O jovem precisa de perspectiva. Ele precisa da consciência de que pode representar uma mudança, pode superar a realidade dura que ele mesmo enfrenta. É preciso preservar, no jovem, a força, a garra, a capacidade criadora, a luta pela inovação. Mas onde pode uma pessoa ver que é possível ser força transformadora do seu futuro? Sem dúvidas, na escola. E é necessário assegurar isso.

Porém, não é fácil. A igualdade de direitos é garantida na constituição, mas ao pobre não é oferecido um ensino de qualidade. As escolas públicas estão muitas vezes, aos pedaços, sem livros, sem merenda escolar, sem professores que tenham compromisso com a educação (não todos, mas o quadro para os que tentam é desanimador). Com a elevada carga tributária paga, é inaceitável a situação das escolas, levando o nível de aprendizagem a um espaço deplorável.
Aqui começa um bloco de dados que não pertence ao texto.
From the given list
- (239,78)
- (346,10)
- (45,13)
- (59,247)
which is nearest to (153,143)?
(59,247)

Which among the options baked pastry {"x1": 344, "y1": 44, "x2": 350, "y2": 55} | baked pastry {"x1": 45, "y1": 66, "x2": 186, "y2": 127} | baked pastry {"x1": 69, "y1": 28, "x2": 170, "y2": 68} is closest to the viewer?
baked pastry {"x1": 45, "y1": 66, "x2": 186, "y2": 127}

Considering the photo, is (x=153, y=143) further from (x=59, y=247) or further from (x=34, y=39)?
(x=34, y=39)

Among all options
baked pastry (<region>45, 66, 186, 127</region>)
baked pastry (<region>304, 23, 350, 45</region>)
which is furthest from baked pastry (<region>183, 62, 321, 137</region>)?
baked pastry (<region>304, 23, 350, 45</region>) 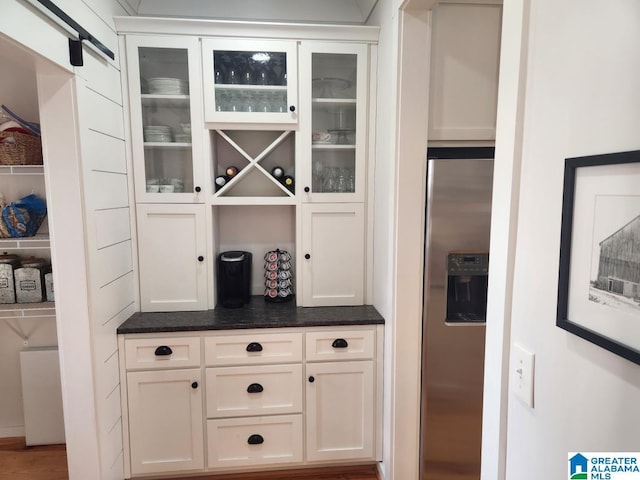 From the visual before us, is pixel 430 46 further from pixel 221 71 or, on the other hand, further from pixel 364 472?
pixel 364 472

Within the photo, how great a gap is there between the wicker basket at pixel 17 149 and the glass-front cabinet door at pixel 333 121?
1416mm

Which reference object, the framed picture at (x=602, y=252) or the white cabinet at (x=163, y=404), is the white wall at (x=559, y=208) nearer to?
the framed picture at (x=602, y=252)

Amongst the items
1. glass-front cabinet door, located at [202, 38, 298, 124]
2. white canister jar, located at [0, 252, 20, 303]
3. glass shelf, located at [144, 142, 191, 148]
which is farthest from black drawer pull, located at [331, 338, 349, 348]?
white canister jar, located at [0, 252, 20, 303]

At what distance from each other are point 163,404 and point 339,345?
38.8 inches

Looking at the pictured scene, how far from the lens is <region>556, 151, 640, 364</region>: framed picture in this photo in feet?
2.01

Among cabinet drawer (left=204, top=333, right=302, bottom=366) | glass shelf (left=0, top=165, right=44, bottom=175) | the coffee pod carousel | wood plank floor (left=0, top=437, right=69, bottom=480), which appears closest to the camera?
glass shelf (left=0, top=165, right=44, bottom=175)

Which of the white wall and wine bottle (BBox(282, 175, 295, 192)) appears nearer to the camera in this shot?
the white wall

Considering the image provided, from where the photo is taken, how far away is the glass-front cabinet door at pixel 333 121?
221 cm

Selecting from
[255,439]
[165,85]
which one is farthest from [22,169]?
[255,439]

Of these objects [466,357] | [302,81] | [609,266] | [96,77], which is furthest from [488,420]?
[96,77]

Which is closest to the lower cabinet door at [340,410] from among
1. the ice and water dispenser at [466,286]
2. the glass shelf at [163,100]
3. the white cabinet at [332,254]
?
the white cabinet at [332,254]

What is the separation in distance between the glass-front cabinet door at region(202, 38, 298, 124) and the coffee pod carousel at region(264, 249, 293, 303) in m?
0.80

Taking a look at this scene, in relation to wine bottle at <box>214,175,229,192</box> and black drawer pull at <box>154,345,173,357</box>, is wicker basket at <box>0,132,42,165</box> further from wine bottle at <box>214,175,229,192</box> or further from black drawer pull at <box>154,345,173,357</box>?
black drawer pull at <box>154,345,173,357</box>

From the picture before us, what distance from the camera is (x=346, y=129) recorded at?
2318 millimetres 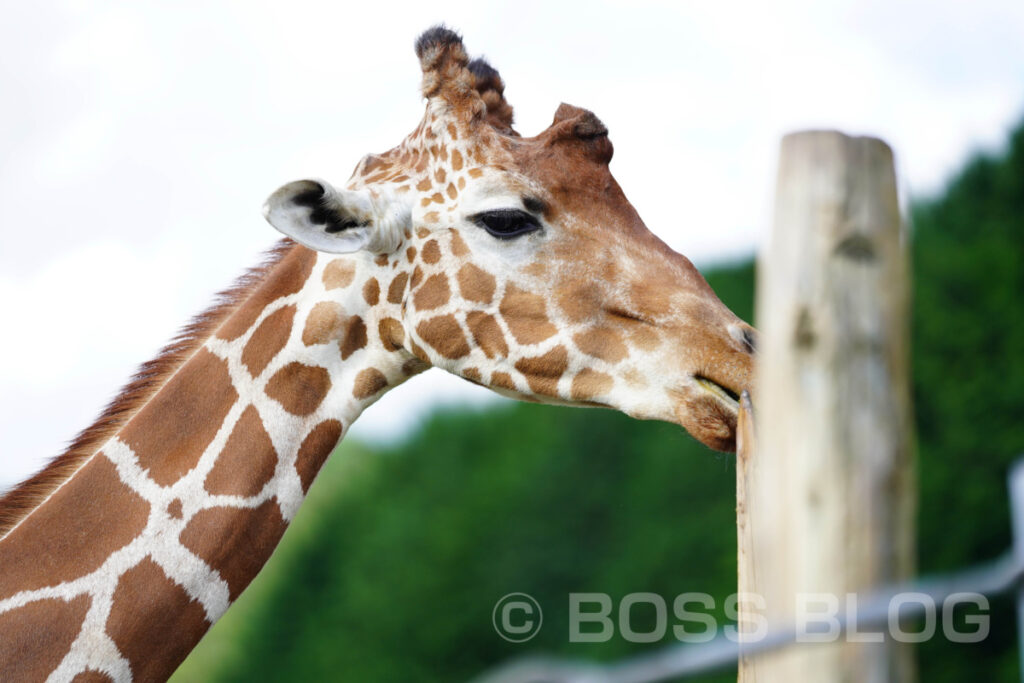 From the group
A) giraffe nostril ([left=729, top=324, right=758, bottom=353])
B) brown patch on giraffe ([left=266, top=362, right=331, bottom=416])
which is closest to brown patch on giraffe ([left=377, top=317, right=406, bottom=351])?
brown patch on giraffe ([left=266, top=362, right=331, bottom=416])

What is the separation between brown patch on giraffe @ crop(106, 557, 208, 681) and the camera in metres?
3.42

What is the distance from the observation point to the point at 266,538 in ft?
12.2

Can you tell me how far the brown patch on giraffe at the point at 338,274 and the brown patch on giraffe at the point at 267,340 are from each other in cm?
17

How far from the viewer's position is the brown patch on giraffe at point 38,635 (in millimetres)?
3311

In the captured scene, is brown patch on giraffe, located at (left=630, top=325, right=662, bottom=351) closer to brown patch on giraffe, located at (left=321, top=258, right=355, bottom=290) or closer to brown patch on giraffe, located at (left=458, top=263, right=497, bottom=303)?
brown patch on giraffe, located at (left=458, top=263, right=497, bottom=303)

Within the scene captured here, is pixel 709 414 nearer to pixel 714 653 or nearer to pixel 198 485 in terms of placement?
pixel 198 485

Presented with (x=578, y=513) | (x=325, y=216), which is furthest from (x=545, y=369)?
(x=578, y=513)

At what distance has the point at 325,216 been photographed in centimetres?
390

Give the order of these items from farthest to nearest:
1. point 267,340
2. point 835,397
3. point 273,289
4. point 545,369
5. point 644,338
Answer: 1. point 273,289
2. point 267,340
3. point 545,369
4. point 644,338
5. point 835,397

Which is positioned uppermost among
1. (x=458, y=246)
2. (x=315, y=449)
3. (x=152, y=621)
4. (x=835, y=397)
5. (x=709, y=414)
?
(x=458, y=246)

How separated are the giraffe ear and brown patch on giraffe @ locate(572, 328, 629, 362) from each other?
837 millimetres

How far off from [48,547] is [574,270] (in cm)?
203

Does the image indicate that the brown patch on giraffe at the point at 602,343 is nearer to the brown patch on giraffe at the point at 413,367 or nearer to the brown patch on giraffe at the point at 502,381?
the brown patch on giraffe at the point at 502,381

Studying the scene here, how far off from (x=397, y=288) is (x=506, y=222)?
1.57ft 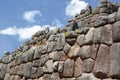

Assim, são necessárias mudanças. Políticas educacionais municipais precisam atrair o jovem, algo que pode ser feito com centros culturais e esportivos. Fazê-lo permanecer, melhorando a estrutura oferecida a fim de associar a escola ao amplo leque de possibilidades que ela apresenta ao aluno. Colocar os professores, tanto do ensino fundamental quanto do ensino médio e superior, em cursos, que podem ser semanais, sobre como lidar com o aluno, como administrar a matéria de modo a mantê-lo interessado. A partir daí, valorizar o professor, oferecendo salários dignos.

Os reflexos de todas essas ações seriam os melhores possíveis, formando alunos preparados para o concorrido mercado de trabalho, com mais maturidade para lidar com as responsabilidades e aproveitar as oportunidades.